### PROMPT
Exact copies of all the lines below are wanted, without a single picture.

### RAW DATA
■ ■ ■ ■
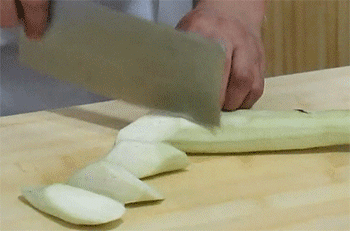 【肉段烧茄子】切茄块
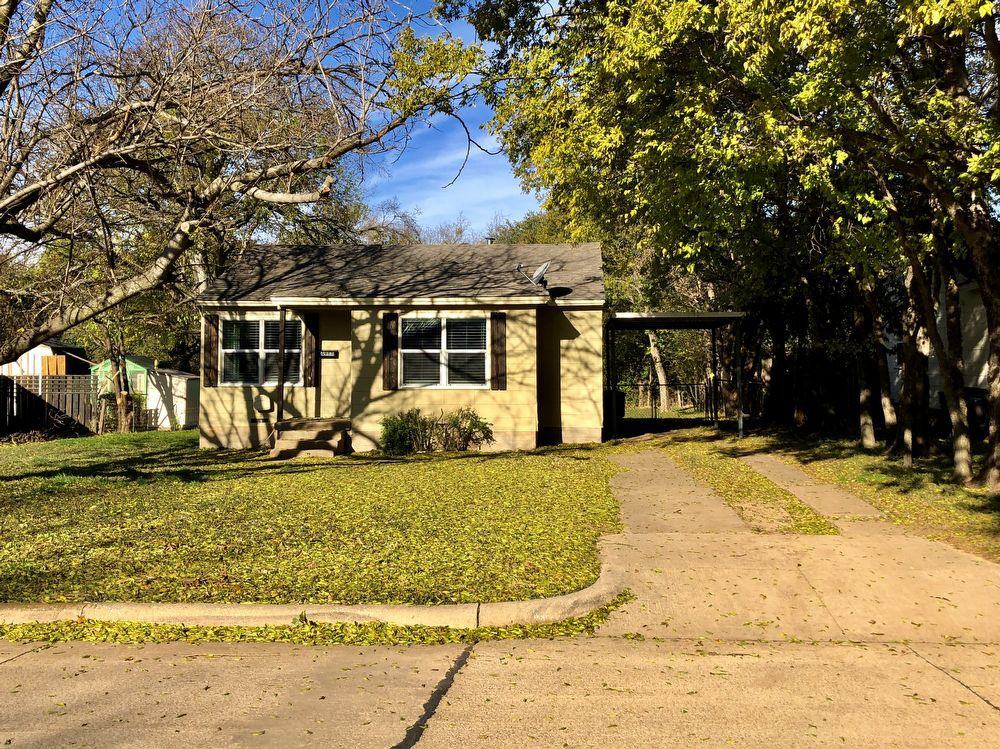 4968 Royal Dr - Photo 2 of 10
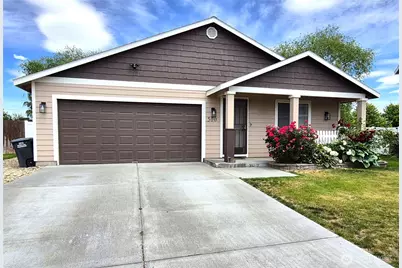 500 E Linden Avenue, Moses Lake, WA 98837 - Photo 1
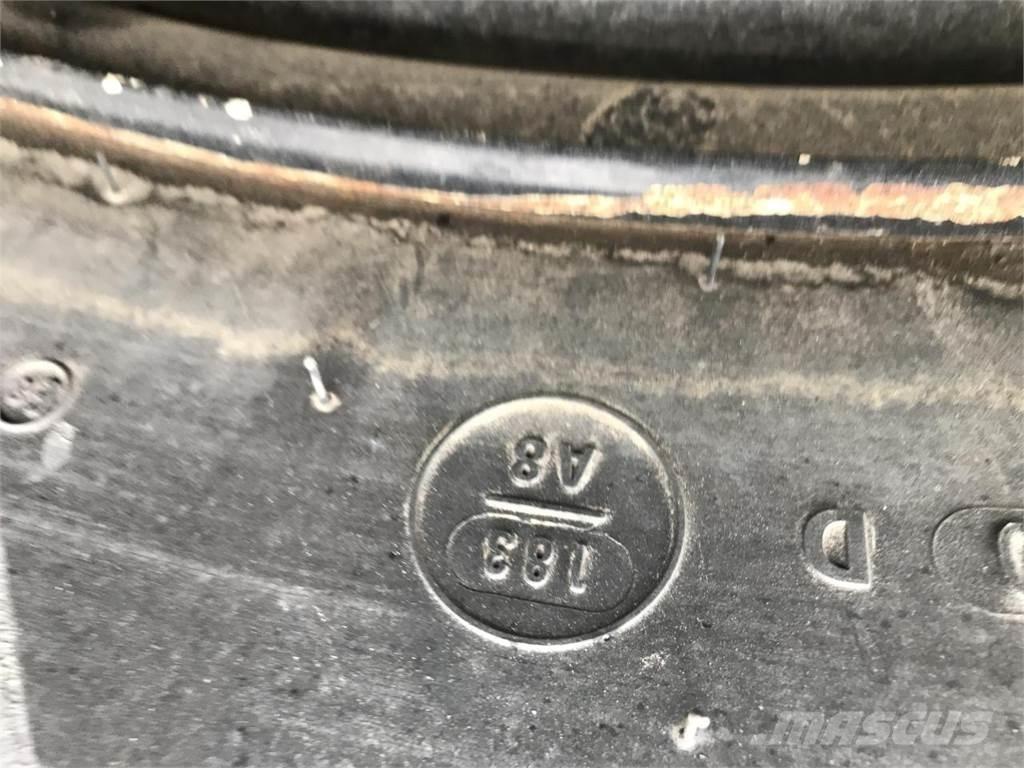 Mitas 680/80R42 Gumiabroncsok, kerekek és felnik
■ ■ ■ ■
### RESULT OF THE TASK
 【肉段烧茄子】切茄块
 4968 Royal Dr - Photo 2 of 10
 500 E Linden Avenue, Moses Lake, WA 98837 - Photo 1
 Mitas 680/80R42 Gumiabroncsok, kerekek és felnik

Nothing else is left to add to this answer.